Scraped caption text data:
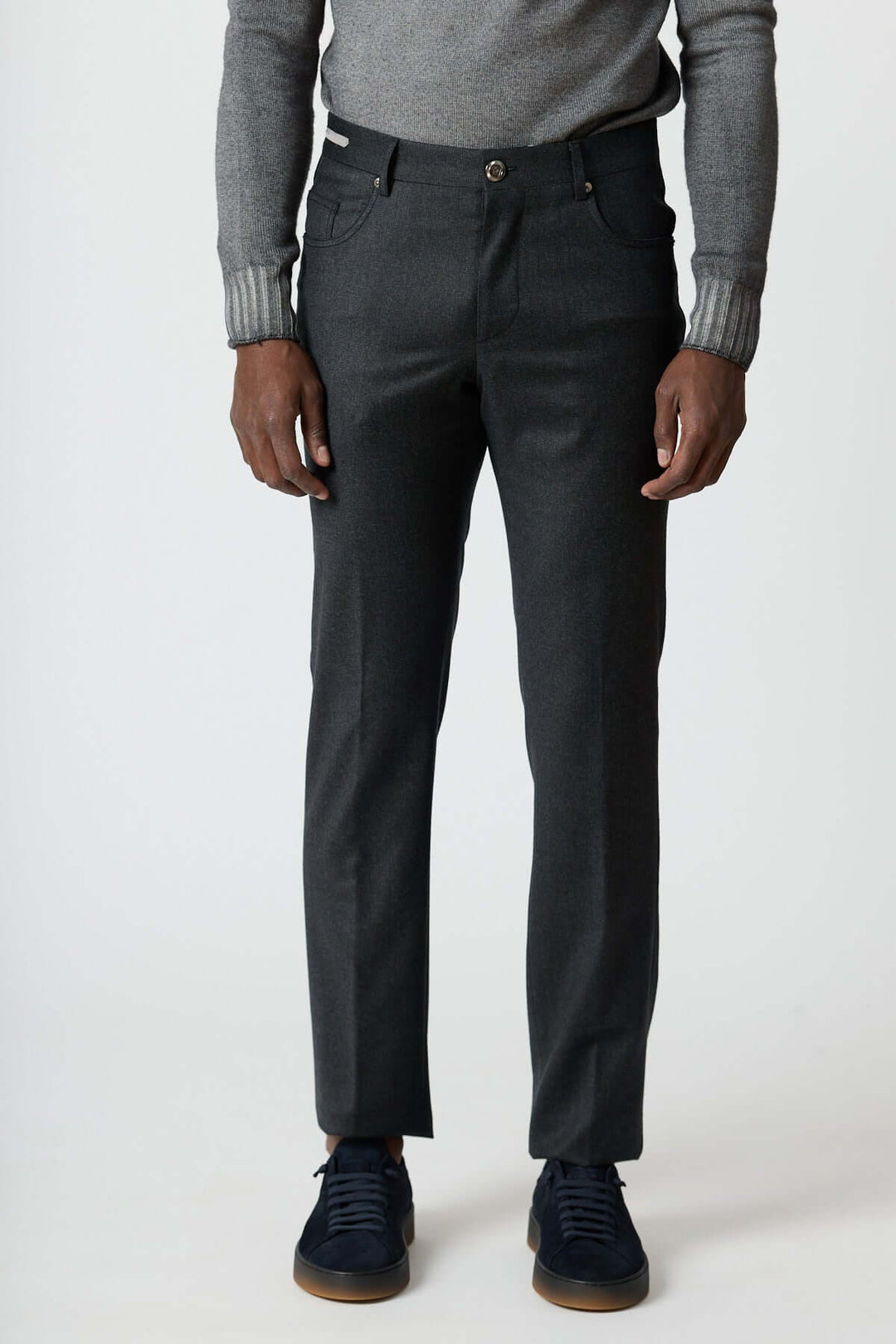 Pantalon habillé 5 poches en laine pour homme, coupe ajustée, élégant et confortable, parfait pour bureau et occasions décontractées chic.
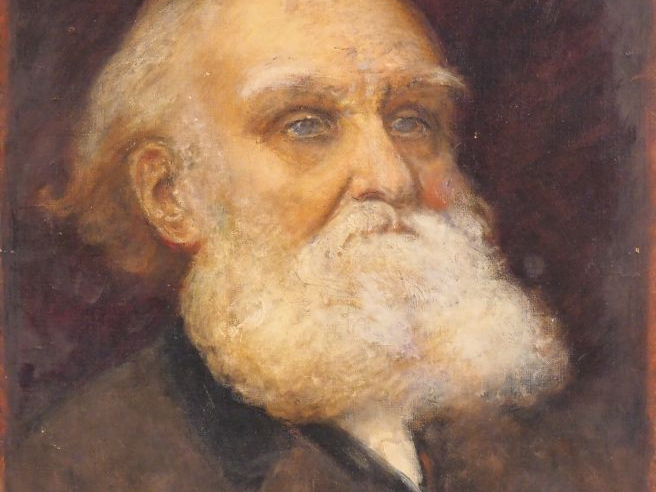 Ecole française XIXème. "Portrait d'homme à la barbe blanche". Huile s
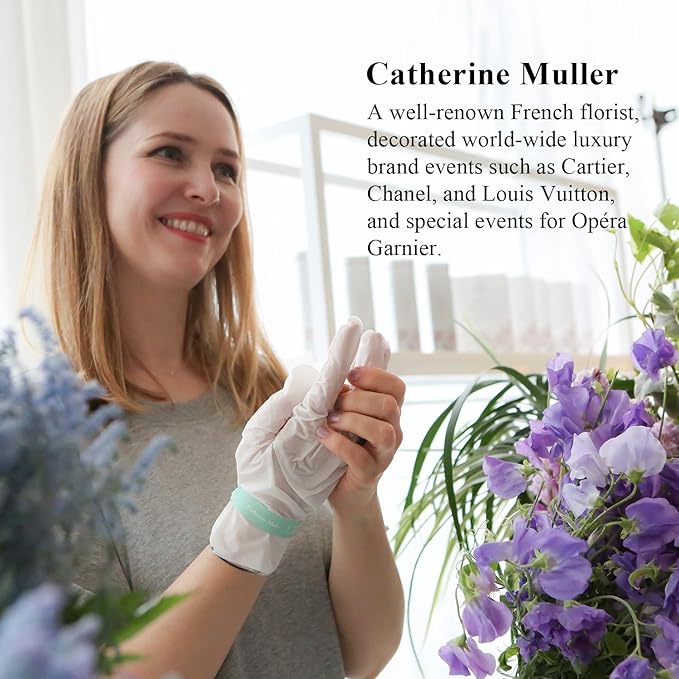 Catherine Muller Floral Hand Mask 8 Pairs, Moisturizing Gloves for Dry Hands with Elder Flower & CICA, Repairing and Nourishing Hand Care Treatment for Cracked, Rough, and Dry Skin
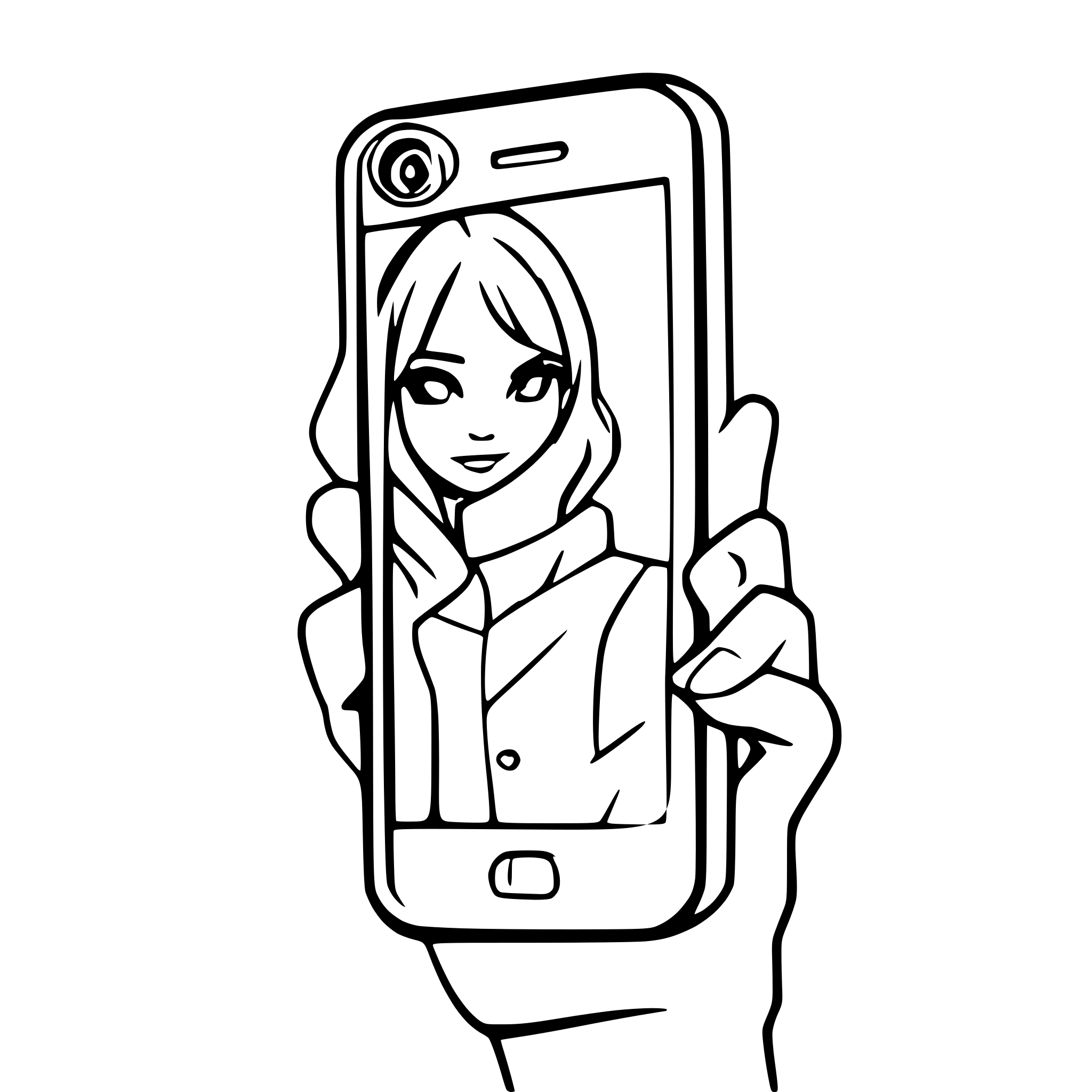 AI-generated SVG of a phone in hand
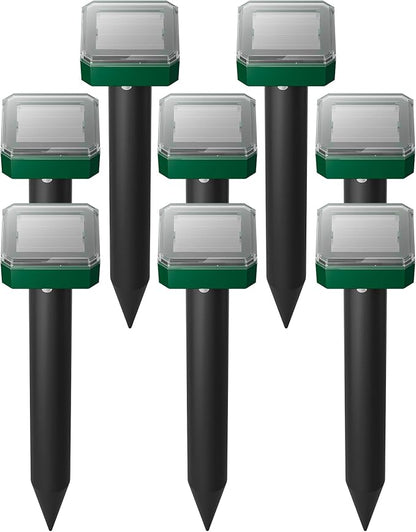 Solar Powered Mole Repeller Gopher Deterrent Outdoor Groundhog Repellent Ultrasonic Snake Armadillo Repeller Waterproof Effective for Yard Lawn Garden (8, Dark Green)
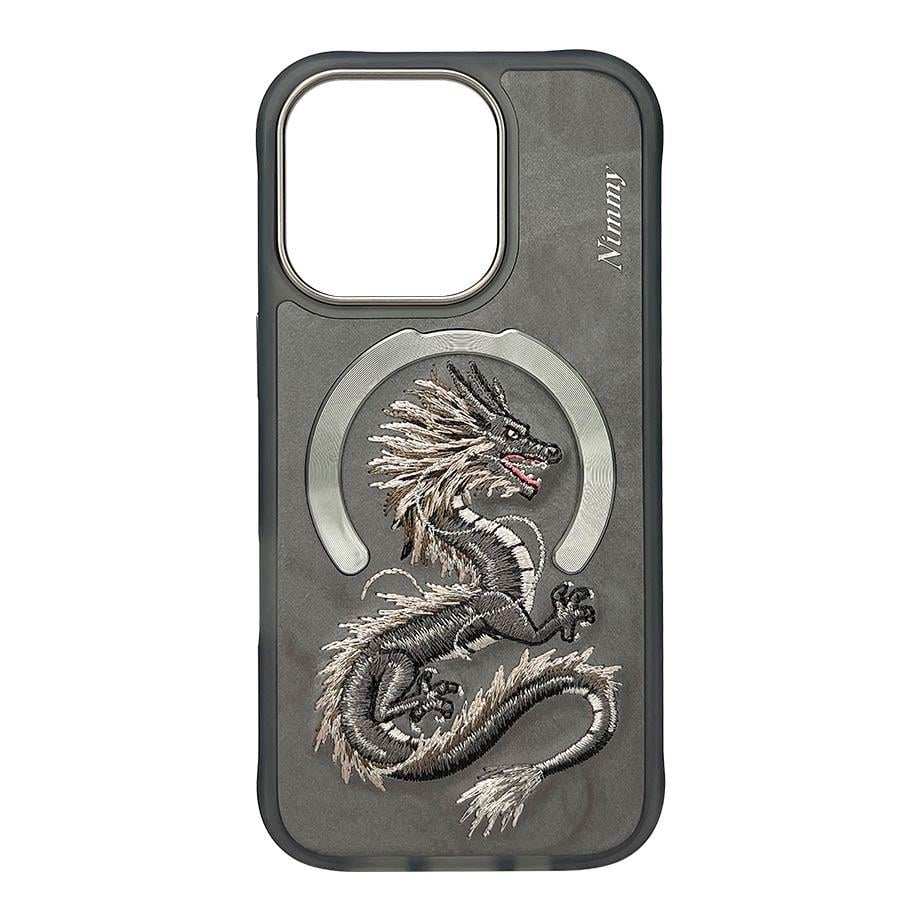 NIMMY iPhone 15 3D Gerçek Nakış işlemeli MagSafe Özellikli Fantasy Animal Golden Dragon Silikon Kılıf
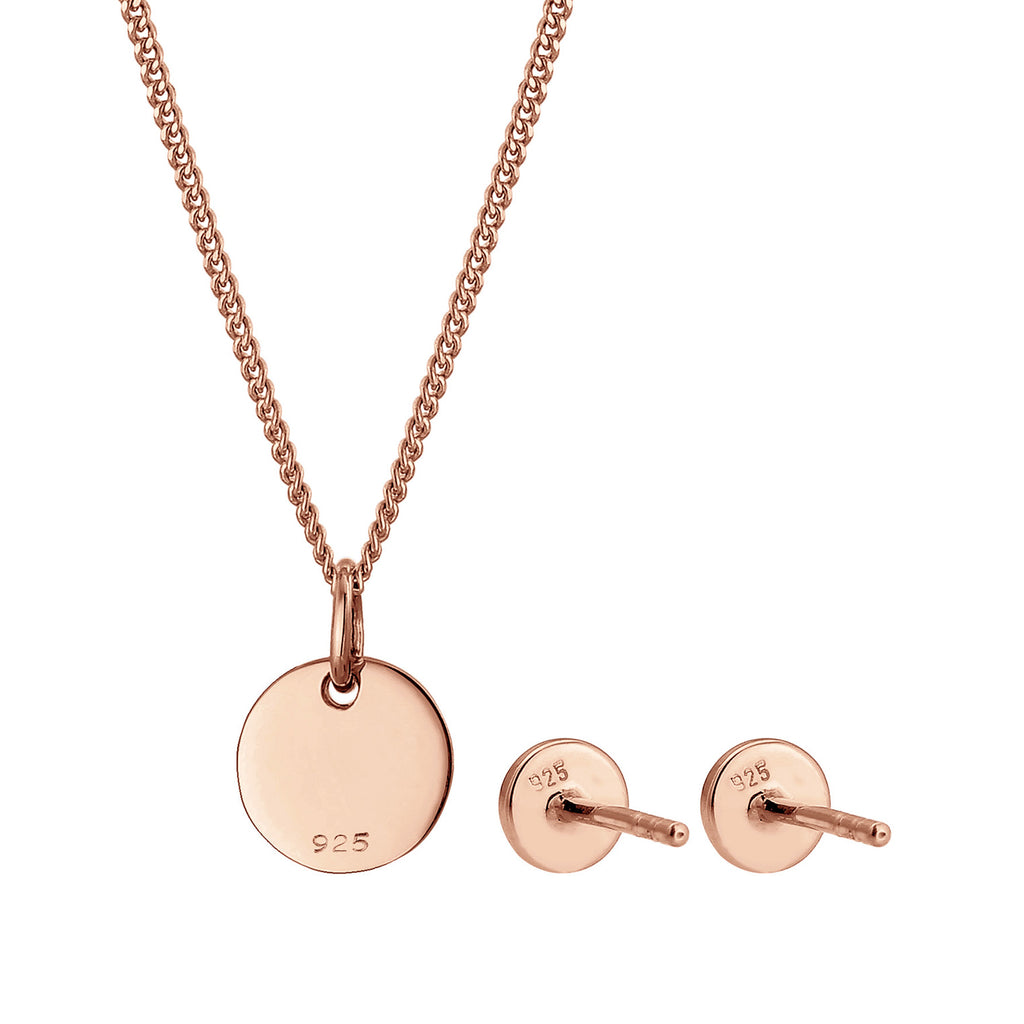 Roségold - Elli | Schmuckset  Geo | 925 Sterling Silber Rosegold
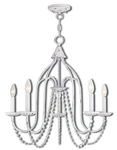 Livex Lighting 40795 Off White Alessia 5-LIGHT 24"W Crystal Chandelier. Fixed Price $279.96.
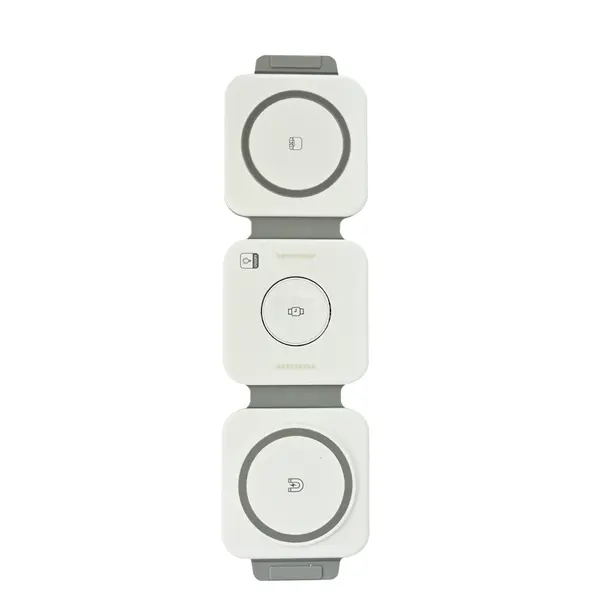 3 In 1 Foldable Pocket MagSafe Wireless Charger With LED Lights White F21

» **Exercise brief**: Reproduce the entries above exactly, without images.

» **Answer to this problem**:
 Pantalon habillé 5 poches en laine pour homme, coupe ajustée, élégant et confortable, parfait pour bureau et occasions décontractées chic.
 Ecole française XIXème. "Portrait d'homme à la barbe blanche". Huile s
 Catherine Muller Floral Hand Mask 8 Pairs, Moisturizing Gloves for Dry Hands with Elder Flower & CICA, Repairing and Nourishing Hand Care Treatment for Cracked, Rough, and Dry Skin
 AI-generated SVG of a phone in hand
 Solar Powered Mole Repeller Gopher Deterrent Outdoor Groundhog Repellent Ultrasonic Snake Armadillo Repeller Waterproof Effective for Yard Lawn Garden (8, Dark Green)
 NIMMY iPhone 15 3D Gerçek Nakış işlemeli MagSafe Özellikli Fantasy Animal Golden Dragon Silikon Kılıf
 Roségold - Elli | Schmuckset  Geo | 925 Sterling Silber Rosegold
 Livex Lighting 40795 Off White Alessia 5-LIGHT 24"W Crystal Chandelier. Fixed Price $279.96.
 3 In 1 Foldable Pocket MagSafe Wireless Charger With LED Lights White F21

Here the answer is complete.